The repowering project also involves the reuse of two Rateau-Schneider 250 MW steam turbines, recovered from Martigues’ existing units 3 and 4, which have accumulated 85 000 hours and 51 000 hours of service at baseload conditions, respectively. The steam turbines will be retrofitted to accommodate new steam parameters and the specific requirements imposed by CCGT operation.

The two combined-cycle blocks will be in a 1-1-1 multi-shaft arrangement, with a three pressure and reheat steam bottoming cycle. The horizontal heat recovery steam generator (HRSG) will be equipped with duct-firing burners that have the capability to increase the steam turbine output by an additional 40 MW.

The implementation of supplementary firing makes sense for the Martigues CCGT project because the steam turbines from the existing plant are oversized when compared to the exhaust energy released by the gas turbine. Furthermore, the power reserve available in duct-firing mode will allow the operator to take advantage of market opportunities and/or to compensate output degradation in hot summer conditions.

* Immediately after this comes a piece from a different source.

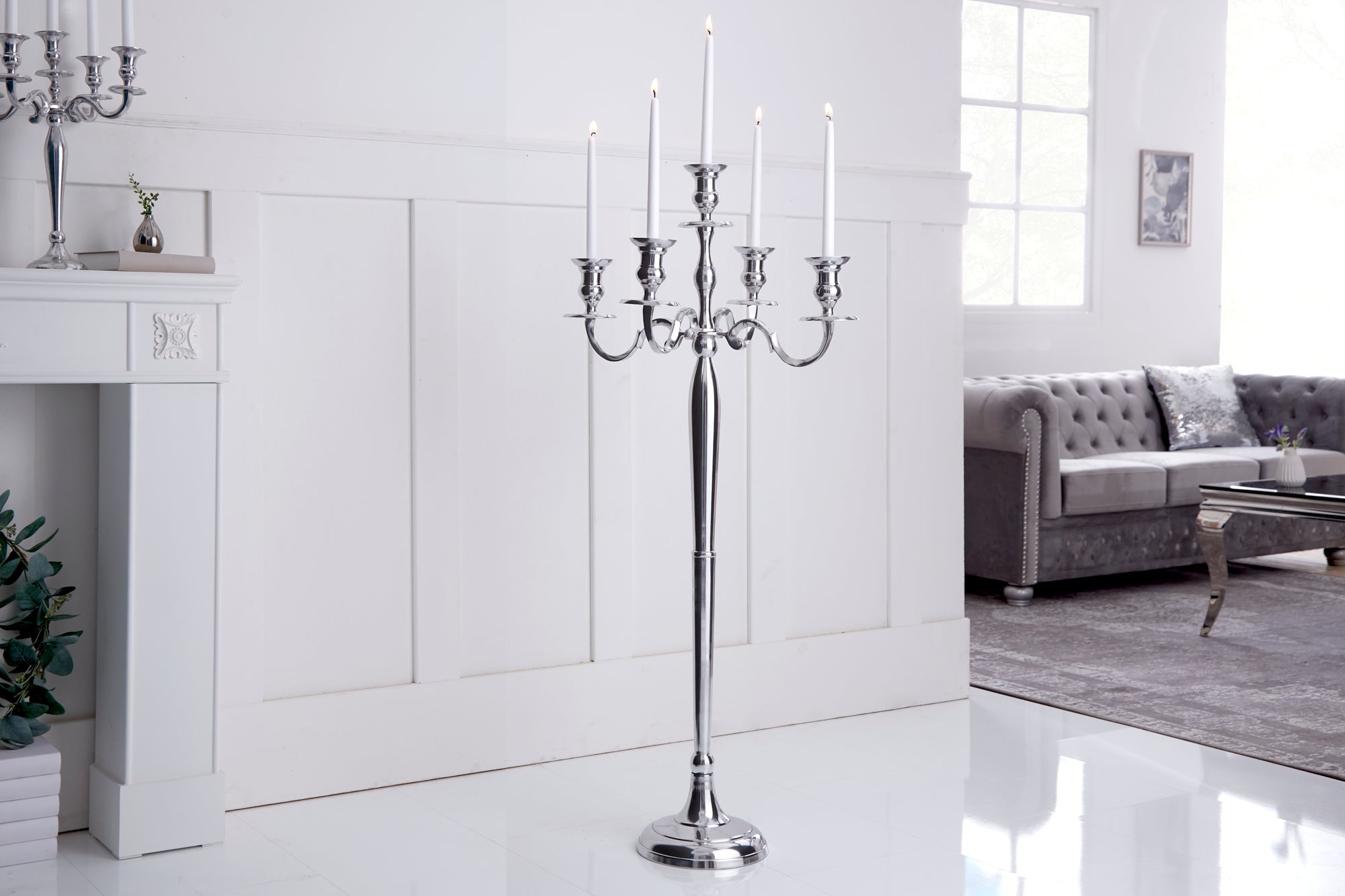 Candlestick 5-arm 120cm Silver – Creation Furniture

The first significant milestones completed were the permitting process, detailed process studies and preparation of call for tenders to purchase the primary equipment. The Martigues 5 and 6 CCGT units are scheduled to begin commercial operation in 2011 and 2012, respectively.

Keeping it in the family

EDF Thermal Engineering Center (EDF-CIT) has significant expertise in the design and construction of gas turbine based power plants, and has a reference list of more than 20 units built over the last ten years.

More recently EDF-CIT has managed the modernization and recommissioning of several thermal power plants that had previously been kept in reserve and maintained out of operation for years. These revitalization projects, which represent a total installed capacity of 2600 MW, are now available as peaking units to back-up and secure the French power supply.

Based on this industrial experience, EDF-CIT was appointed turnkey engineer of the Martigues CCGT repowering project. In this role, EDF-CIT is in charge of overall project management, site supervision, equipment procurement, interface matching and plant process studies. At the end of construction, EDF-CIT will coordinate plant start-up and related commissioning activities, including performance tests to ensure the new units have reliable operation.

Can we reuse?

With most repowering project the ability to extend the useful life of existing components is a much more attractive option than the purchase of new hardware, and this was no different for the Martigues project.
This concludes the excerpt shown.